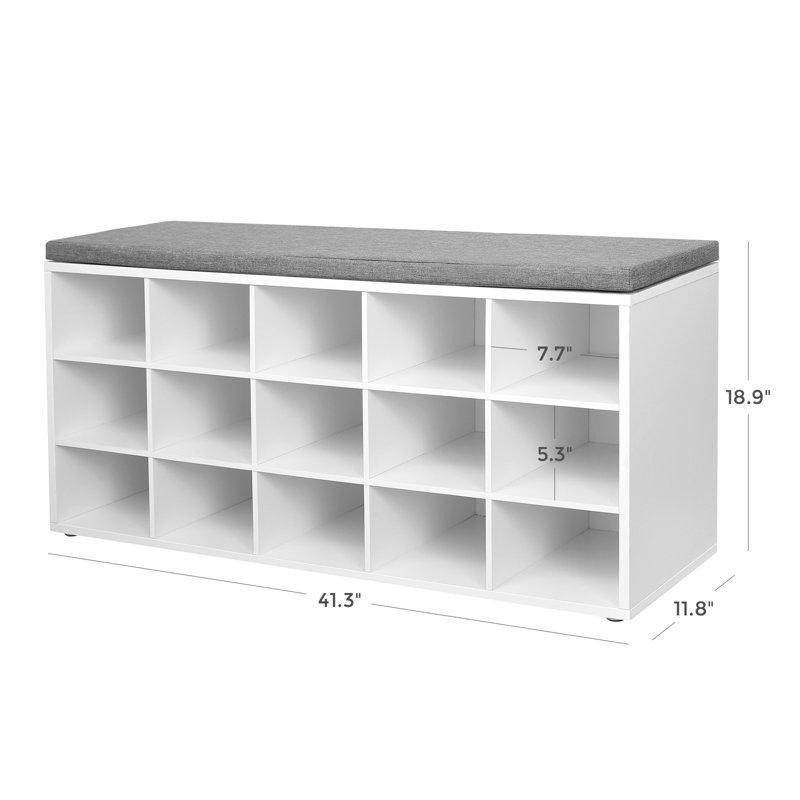 Beyaz ve Gri Endüstriyel Ahşap 15 Bölmeli Minderli Ayakkabılık Bench - 105x30x48 cm - 120607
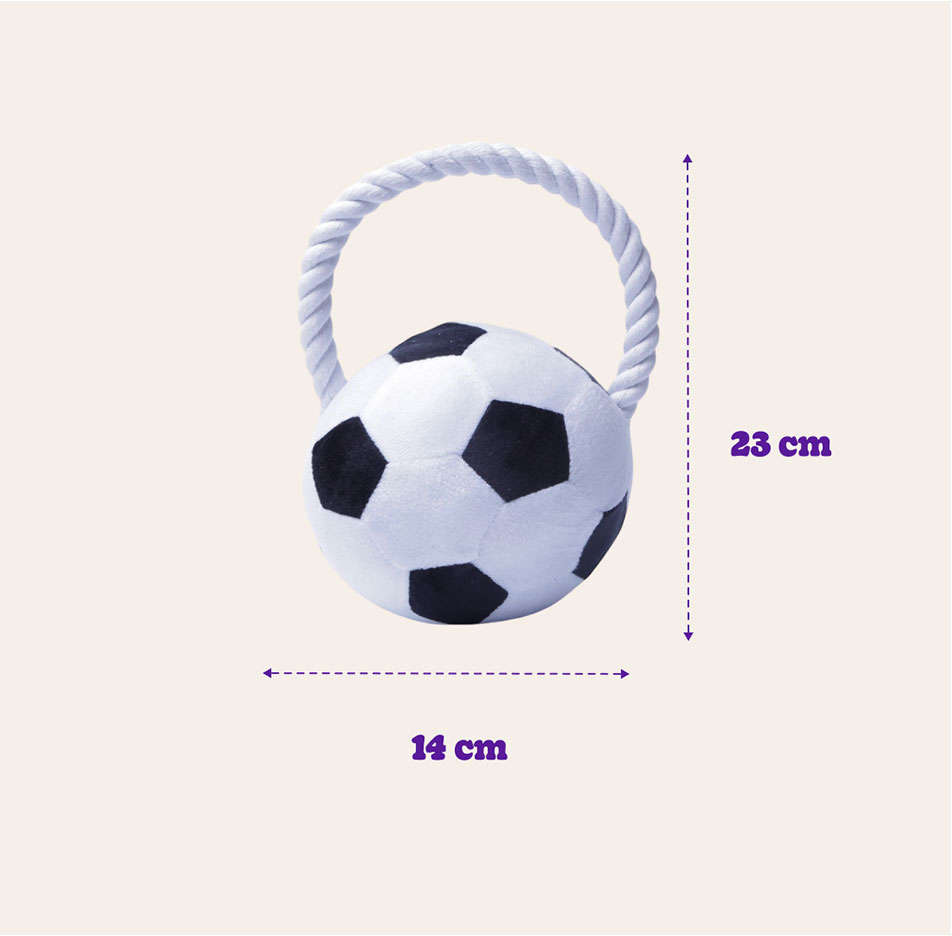 Brinquedo Pelúcia Bola de Futebol com Puxador para Cães - Tam. Único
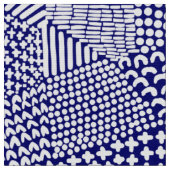 Abstrakte Patchwork Map - White on Deep Navy Blue Stoff (Nahaufnahme)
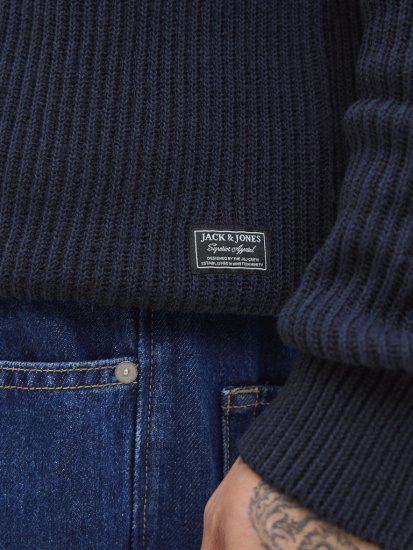 Jack & Jones Pannel Roll Neck Knit Pullover Sky Captain - Puloveri & dukserice - Muške Puloveri & dukserice veliki brojevi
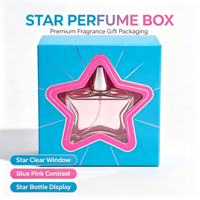 Boîte cadeau parfum en papier avec fenêtre holographique personnalisée pour l'emballage de flacons de parfum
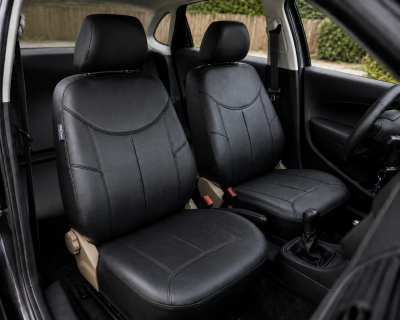 Huse scaun auto universale din piele eco fata Flexzon, negru, 1+1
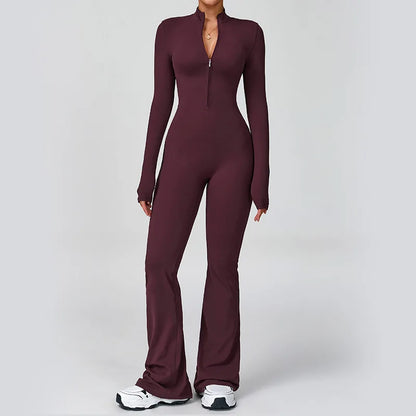 Women's One-piece Yoga Jumpsuit Long Sleeve Zipper Slim Fit Sports Outfit Flare Tights Quick-drying Hip Lift Gym Fitness Clothes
::::::::::
WORK TO BE COMPLETED: Inclusive range, exact copy: the line containing "Huse scaun auto" through the last line of the listing. Print nothing else, and no pictures.

TASK RESULT:
 Huse scaun auto universale din piele eco fata Flexzon, negru, 1+1
 Women's One-piece Yoga Jumpsuit Long Sleeve Zipper Slim Fit Sports Outfit Flare Tights Quick-drying Hip Lift Gym Fitness Clothes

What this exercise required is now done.